HOW TO COMPLETE THIS TASK — Please find every line of the listing below where "across" occurs and copy it.

*** RECORDED DATA

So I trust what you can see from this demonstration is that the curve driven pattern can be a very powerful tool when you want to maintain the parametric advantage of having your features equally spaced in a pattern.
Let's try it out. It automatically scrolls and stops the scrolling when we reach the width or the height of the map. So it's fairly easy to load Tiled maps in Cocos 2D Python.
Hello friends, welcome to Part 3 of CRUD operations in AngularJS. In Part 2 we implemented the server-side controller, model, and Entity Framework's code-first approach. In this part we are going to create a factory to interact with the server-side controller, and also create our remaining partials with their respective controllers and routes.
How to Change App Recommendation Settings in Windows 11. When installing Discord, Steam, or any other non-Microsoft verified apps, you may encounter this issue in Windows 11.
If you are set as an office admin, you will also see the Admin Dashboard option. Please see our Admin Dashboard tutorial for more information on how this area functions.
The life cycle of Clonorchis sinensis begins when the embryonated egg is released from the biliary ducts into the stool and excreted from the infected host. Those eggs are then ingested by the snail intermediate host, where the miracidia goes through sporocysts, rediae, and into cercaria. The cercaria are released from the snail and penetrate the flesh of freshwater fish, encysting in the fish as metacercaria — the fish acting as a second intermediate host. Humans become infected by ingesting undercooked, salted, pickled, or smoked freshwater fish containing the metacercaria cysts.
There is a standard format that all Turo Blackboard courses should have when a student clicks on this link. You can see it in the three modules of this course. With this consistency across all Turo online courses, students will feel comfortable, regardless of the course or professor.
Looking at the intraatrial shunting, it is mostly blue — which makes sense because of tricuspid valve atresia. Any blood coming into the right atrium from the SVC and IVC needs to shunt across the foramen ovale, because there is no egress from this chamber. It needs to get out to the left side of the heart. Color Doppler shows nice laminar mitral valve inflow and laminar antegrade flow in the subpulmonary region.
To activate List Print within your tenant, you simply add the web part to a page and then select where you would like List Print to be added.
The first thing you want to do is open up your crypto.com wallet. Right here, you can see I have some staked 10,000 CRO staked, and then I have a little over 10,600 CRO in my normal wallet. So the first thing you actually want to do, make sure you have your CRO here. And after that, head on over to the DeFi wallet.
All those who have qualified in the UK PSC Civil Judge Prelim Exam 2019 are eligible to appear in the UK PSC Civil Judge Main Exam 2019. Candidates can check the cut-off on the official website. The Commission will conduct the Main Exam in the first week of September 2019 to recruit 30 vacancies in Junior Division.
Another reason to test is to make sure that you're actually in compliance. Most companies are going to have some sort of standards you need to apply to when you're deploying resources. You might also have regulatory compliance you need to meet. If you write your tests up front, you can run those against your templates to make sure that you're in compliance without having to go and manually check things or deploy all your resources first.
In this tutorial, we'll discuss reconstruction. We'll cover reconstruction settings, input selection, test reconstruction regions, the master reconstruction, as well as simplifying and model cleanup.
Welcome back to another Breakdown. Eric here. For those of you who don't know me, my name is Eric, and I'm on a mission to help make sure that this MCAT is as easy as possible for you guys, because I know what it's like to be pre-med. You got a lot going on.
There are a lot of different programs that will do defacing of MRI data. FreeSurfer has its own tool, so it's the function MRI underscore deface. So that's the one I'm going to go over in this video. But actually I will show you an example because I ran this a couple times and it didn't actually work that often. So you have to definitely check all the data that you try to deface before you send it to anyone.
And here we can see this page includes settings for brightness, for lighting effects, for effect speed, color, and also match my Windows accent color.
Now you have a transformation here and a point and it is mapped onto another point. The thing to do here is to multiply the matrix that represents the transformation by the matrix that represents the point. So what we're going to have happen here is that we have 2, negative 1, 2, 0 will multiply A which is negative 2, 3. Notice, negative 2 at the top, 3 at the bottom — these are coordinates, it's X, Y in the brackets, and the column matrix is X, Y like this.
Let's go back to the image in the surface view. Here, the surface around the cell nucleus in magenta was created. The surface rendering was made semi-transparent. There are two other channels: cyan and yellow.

******

SOLVED EXERCISE —
There is a standard format that all Turo Blackboard courses should have when a student clicks on this link. You can see it in the three modules of this course. With this consistency across all Turo online courses, students will feel comfortable, regardless of the course or professor.
Looking at the intraatrial shunting, it is mostly blue — which makes sense because of tricuspid valve atresia. Any blood coming into the right atrium from the SVC and IVC needs to shunt across the foramen ovale, because there is no egress from this chamber. It needs to get out to the left side of the heart. Color Doppler shows nice laminar mitral valve inflow and laminar antegrade flow in the subpulmonary region.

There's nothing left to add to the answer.